Despite her fears, the reaction from her community was supportive. But many people expressed that support with a phrase she found revealing: “I hope you are happy now.” This well-intentioned comment missed the point. Sarah did not transition as a means to happiness. “I didn’t transition to be happy; I transitioned to be me,” she explained. Transitioning was not the pursuit of a positive feeling, but the removal of an unbearable negative. It gave her the ability “to feel every emotion, to think more clearly, to live more fully, to survive, to be seen.” It granted her freedom, not bliss. Yet becoming herself introduced entirely new obstacles. Sarah revealed that while she expected transphobia, she had not fully anticipated the intensity of misogyny. Her path into womanhood, like all women’s paths, was unique, shaped by distinct privileges and challenges. But she was not prepared for the contradictory pressures that confronted her. She spoke of being treated simultaneously “like both a delicate infant and a sexualized idol.” She described the disempowering experience of strangers feeling entitled to comment on her body, the expectation that she should smile, and the judgment that followed whether she did or did not.
 
The expectations around femininity formed a trap of contradictions. If she presented as very feminine, she was accused of being a caricature or “inauthentic,” as though femininity were unnatural. But if she wasn't feminine enough, she was told she wasn’t “a real woman.” Popular culture, television, movies, politics, fashion, constantly projected messages about what womanhood should look like. In one of the most memorable lines of her speech, Sarah said she had finally escaped the closet “only to find myself stuck in the kitchen,” highlighting the irony of being liberated from one stereotype only to be confined by another.

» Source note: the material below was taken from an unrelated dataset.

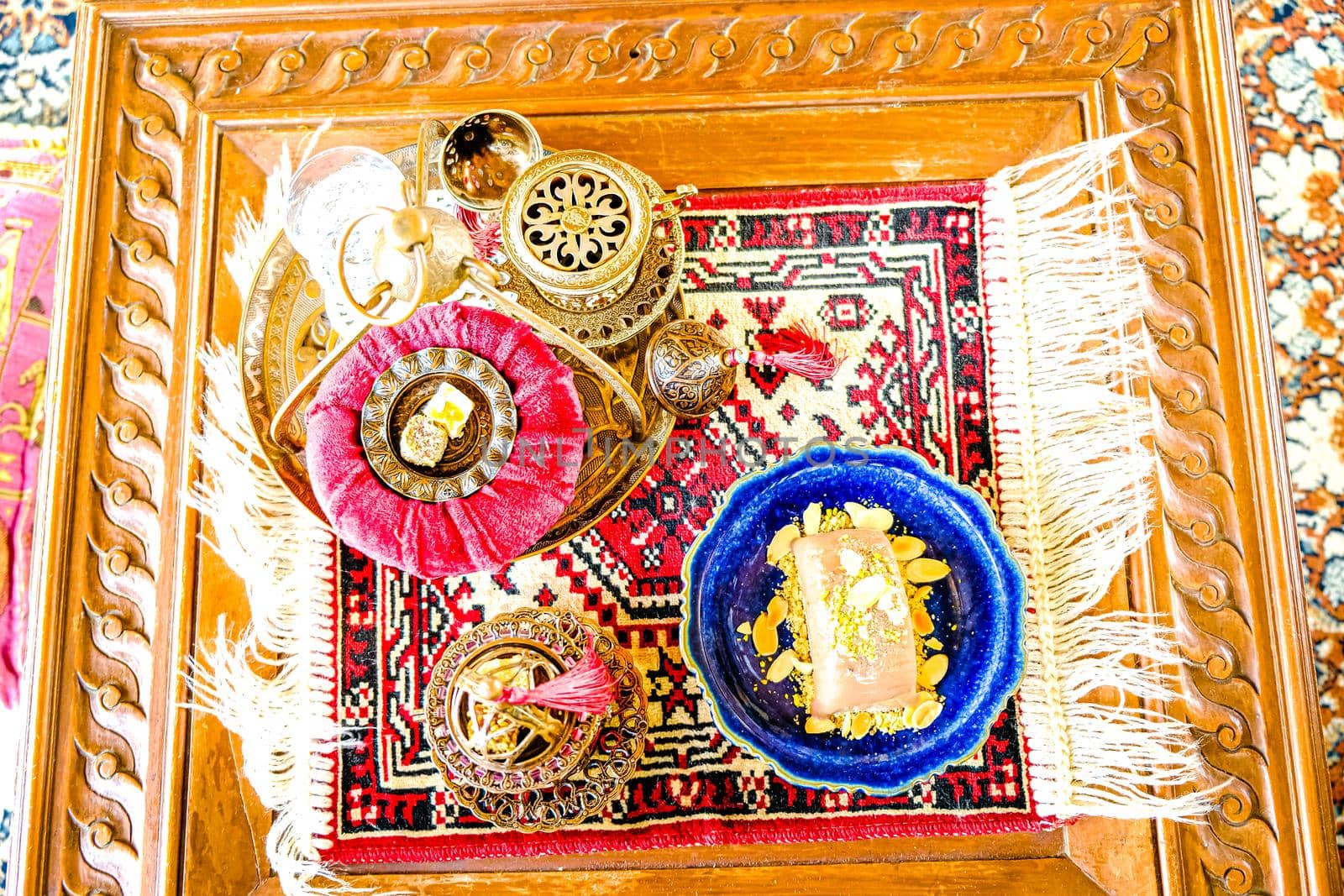 Turkish coffee and tea set in colorful traditional housewares with ice cream in Turkish theme coffee cafe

This realization led her to a broader insight: the forces that attempted to deny her womanhood were the same forces that sought to restrict everyone. “Those are the same forces that say there’s only one way to love, only one way to live, only one way to act, only one way to dress, only one role to play.” This connection is central to her argument. Sexism, homophobia, and transphobia are fundamentally intertwined. All stem from the same belief that the gender assigned at birth should determine the course of a life, dictating how people should behave, whom they should love, and what roles they should be allowed to occupy. “LGBT equality is gender equality, and gender equality is LGBT equality,” she declared, framing the struggle as a unified movement rather than a collection of isolated causes.
 
Sarah ended her talk with a hopeful vision: a world where every child can grow up knowing they can be successful, independent, gay, trans, feminine, masculine, or any combination thereof, and still be respected. She emphasized that dreams and identities do not have to be mutually exclusive, and that fighting sexism, homophobia, transphobia, along with racism and ableism, creates a stronger, more inclusive society. Her closing message underscored a simple but powerful truth: that all children deserve to grow up believing they can be themselves and still be seen and valued as equal human beings. Looking back from 2025, the speech stands as an early blueprint for the political leader Sarah McBride would become. Just months after this TEDx appearance, she would address the Democratic National Convention as the first openly transgender person to speak at a major party convention. In 2018 she published her acclaimed memoir, Tomorrow Will Be Different, with a foreword by Joe Biden, a man whose views on transgender issues she helped shape. By 2020 she made history as the first openly transgender state senator, and by 2025 she would become the first openly transgender member of the United States Congress.
 
Her TEDx talk captures the essence of what would define her later career: personal vulnerability woven with political clarity, humor used to expose injustice, and an unshakable belief in a world where authenticity is not an act of bravery but a basic right. Her young self on that 2016 stage had no idea of the groundbreaking milestones ahead, yet her words formed the foundation of a lifetime dedicated to expanding the horizon of what is possible for transgender people, and for everyone whose identity has ever been constrained by the expectations assigned at birth.